Die Alpenrepublik macht dicht und die Staatsoper des Landes öffnet sich. Wo nicht gereist werden kann, bleibt nur das Internet. Was möglicherweise zur Folge hat, dass die Premiere von Hans Werner Henzes Oper „Das verratene Meer“ nun von mehr Menschen verfolgt worden ist, als das renommierte Opernhaus Plätze hat.

Zum eigentlichen Premierentag gab es aber erst einmal Hauskost: Puccinis „Tosca“ in einer zwar etwas altbackenen Inszenierung von Margarethe Wallmann, aber mit dem Wiener Titelrollendebüt von Anna Netrebko. Diese Partie hat sie just ein Jahr zuvor an der Mailänder Scala erfolgreich gesungen, schon da – wie nun auch in Wien – mit ihrem Sängergatten Yusif Eyvazov als Maler Cavaradossi. Beide hinterließen viel Eindruck sowohl im wenig expressiven Spiel, das dadurch emotional nur umso glaubhafter geriet, als auch im vokalen Ausdruck, soweit das in diesem Medium authentisch zu bewerten ist.
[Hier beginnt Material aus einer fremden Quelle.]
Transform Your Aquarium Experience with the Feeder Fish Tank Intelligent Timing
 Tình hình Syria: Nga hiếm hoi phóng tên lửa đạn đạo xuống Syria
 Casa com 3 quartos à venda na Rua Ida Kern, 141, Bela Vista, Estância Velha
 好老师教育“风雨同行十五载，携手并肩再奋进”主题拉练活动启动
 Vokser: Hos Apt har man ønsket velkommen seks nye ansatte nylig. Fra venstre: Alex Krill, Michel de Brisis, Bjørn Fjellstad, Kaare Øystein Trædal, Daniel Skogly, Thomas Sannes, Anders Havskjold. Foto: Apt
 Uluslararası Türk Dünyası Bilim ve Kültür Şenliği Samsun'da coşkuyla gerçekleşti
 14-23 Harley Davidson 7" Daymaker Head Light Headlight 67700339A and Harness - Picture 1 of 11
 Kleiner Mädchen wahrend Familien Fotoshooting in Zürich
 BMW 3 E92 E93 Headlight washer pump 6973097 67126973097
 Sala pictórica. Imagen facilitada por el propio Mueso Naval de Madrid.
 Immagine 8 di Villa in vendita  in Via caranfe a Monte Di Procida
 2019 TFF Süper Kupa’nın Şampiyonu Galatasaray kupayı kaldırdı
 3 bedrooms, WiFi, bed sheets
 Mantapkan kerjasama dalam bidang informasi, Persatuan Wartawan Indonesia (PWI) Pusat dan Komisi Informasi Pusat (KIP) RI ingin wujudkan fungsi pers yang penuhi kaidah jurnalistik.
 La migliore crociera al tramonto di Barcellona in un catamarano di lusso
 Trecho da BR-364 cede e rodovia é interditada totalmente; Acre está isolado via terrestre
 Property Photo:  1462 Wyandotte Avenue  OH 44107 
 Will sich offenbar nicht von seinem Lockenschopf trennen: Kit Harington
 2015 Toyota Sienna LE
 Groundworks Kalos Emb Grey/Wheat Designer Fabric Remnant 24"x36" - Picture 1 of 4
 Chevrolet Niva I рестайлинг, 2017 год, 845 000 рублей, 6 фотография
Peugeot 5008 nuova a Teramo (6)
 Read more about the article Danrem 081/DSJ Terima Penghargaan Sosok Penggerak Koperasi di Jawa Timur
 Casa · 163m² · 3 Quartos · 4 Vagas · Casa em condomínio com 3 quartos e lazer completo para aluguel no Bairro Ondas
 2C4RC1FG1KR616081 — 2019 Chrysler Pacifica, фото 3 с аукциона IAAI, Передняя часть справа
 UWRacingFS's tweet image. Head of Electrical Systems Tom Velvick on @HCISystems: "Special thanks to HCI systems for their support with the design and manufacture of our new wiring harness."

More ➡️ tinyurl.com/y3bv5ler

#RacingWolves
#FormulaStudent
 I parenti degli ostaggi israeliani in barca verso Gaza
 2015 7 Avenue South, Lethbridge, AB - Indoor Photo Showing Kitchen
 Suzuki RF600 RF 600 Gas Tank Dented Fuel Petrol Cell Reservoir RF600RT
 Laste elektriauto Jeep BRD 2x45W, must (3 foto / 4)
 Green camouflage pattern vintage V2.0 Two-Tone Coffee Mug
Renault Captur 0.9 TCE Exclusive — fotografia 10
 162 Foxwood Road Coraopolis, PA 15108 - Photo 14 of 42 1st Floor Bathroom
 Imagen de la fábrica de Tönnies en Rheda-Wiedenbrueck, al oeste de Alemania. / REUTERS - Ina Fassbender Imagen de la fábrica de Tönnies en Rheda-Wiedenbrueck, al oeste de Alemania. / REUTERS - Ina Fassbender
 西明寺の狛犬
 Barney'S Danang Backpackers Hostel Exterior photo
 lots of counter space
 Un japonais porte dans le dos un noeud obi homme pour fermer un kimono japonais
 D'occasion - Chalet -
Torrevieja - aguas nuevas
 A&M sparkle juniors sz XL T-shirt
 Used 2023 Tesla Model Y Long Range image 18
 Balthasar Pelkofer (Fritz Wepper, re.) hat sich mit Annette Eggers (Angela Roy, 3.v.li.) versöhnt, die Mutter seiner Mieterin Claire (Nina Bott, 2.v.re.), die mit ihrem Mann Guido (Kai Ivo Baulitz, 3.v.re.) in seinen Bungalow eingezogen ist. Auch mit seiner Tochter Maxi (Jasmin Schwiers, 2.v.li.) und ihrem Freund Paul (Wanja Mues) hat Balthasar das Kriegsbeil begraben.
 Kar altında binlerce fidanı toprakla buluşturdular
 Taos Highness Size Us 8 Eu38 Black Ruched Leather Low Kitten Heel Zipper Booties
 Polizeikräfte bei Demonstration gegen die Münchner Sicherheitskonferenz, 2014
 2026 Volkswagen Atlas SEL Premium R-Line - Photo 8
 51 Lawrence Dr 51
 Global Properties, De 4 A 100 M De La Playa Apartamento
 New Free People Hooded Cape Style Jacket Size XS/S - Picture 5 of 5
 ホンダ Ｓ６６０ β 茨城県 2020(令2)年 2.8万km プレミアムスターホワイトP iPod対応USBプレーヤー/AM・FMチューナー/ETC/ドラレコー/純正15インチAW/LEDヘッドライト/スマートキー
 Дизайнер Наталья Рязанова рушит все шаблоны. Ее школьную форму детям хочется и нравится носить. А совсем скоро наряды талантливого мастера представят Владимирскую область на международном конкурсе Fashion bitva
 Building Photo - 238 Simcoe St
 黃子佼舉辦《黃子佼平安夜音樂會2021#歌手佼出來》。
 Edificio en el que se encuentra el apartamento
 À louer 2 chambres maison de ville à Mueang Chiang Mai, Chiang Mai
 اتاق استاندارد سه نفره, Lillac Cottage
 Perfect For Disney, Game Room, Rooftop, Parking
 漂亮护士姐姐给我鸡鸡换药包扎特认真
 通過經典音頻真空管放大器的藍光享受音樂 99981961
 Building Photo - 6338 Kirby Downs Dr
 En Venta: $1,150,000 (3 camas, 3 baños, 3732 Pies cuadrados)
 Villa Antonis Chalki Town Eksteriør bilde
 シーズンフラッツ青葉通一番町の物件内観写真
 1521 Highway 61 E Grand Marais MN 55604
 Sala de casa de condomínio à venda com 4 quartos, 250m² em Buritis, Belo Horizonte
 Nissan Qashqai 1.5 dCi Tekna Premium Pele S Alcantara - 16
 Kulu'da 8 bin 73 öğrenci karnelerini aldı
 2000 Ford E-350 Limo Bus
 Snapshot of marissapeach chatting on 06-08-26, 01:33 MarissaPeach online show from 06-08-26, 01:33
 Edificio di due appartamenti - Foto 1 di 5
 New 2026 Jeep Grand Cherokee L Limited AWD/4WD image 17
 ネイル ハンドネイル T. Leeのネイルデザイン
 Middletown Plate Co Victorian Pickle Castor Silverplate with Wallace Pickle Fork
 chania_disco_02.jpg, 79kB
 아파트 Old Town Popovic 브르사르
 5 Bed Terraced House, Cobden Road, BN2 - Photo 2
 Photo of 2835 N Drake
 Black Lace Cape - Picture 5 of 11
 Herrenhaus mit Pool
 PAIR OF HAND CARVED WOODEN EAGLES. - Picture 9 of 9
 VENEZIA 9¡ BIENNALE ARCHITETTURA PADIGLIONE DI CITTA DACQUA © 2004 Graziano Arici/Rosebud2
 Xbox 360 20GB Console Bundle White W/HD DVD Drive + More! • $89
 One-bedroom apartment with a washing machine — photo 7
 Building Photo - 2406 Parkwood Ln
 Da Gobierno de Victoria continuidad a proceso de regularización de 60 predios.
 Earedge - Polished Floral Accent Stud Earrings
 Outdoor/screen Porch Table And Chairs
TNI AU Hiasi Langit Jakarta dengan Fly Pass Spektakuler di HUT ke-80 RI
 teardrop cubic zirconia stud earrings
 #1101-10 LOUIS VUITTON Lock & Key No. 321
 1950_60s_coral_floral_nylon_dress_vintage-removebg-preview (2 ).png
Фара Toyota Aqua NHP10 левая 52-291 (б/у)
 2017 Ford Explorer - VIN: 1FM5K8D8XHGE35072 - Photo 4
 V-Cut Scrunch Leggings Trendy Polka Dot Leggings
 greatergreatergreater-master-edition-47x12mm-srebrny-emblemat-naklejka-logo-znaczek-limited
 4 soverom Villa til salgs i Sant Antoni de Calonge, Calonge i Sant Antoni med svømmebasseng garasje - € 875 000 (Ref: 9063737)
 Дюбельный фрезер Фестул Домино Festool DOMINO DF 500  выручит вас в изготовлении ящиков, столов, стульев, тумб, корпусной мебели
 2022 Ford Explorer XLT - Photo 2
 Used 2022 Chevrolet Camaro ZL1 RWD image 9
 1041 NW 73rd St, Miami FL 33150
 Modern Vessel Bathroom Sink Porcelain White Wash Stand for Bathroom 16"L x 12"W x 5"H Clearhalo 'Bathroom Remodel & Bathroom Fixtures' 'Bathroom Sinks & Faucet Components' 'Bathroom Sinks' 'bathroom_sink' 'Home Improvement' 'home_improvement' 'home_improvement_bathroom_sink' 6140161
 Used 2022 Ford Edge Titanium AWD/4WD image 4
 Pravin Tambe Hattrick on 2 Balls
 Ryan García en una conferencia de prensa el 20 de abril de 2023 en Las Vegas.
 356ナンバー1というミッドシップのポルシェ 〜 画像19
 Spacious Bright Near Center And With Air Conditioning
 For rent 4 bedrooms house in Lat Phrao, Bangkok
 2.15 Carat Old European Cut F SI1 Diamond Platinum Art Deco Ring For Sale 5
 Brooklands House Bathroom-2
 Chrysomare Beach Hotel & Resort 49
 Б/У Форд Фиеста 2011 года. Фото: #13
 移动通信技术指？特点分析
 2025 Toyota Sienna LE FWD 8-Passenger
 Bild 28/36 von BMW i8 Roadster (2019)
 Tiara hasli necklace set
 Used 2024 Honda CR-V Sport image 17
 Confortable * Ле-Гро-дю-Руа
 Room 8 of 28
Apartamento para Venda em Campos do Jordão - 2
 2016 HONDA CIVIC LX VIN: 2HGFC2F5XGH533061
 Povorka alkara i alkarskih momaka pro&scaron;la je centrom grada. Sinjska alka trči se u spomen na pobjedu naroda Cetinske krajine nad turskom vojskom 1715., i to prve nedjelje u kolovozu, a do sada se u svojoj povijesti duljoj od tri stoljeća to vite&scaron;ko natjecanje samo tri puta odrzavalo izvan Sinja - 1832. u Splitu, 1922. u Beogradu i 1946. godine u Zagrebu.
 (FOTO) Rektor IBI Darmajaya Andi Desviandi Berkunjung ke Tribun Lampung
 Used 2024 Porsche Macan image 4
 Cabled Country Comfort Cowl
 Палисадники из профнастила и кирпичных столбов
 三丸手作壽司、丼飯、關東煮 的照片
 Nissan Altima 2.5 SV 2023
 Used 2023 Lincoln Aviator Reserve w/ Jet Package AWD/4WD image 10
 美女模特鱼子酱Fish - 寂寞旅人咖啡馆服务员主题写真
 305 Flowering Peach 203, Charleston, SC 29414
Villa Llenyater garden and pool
Zumal La Netrebko in diesem Jahr ja selbst von einer Lungenentzündung betroffen war, hätte man ihre wiedergefundene Stimme gern in den heiligen Hallen erlebt – das Timbre wirkte in der Übertragung jedenfalls makellos und üppig.

Die musikalische Balance im leeren Opernhaus lag bei Bertrand de Billy in besten Händen, er kostete mit dem Orchester und den Sängerdarstellern aus, was an blumiger Pracht in der Partitur steckt, schälte aber vor allem die dramatischen Momente heraus, so dass auch diese Bildschirm-„Tosca“ zu einem Ereignis geriet.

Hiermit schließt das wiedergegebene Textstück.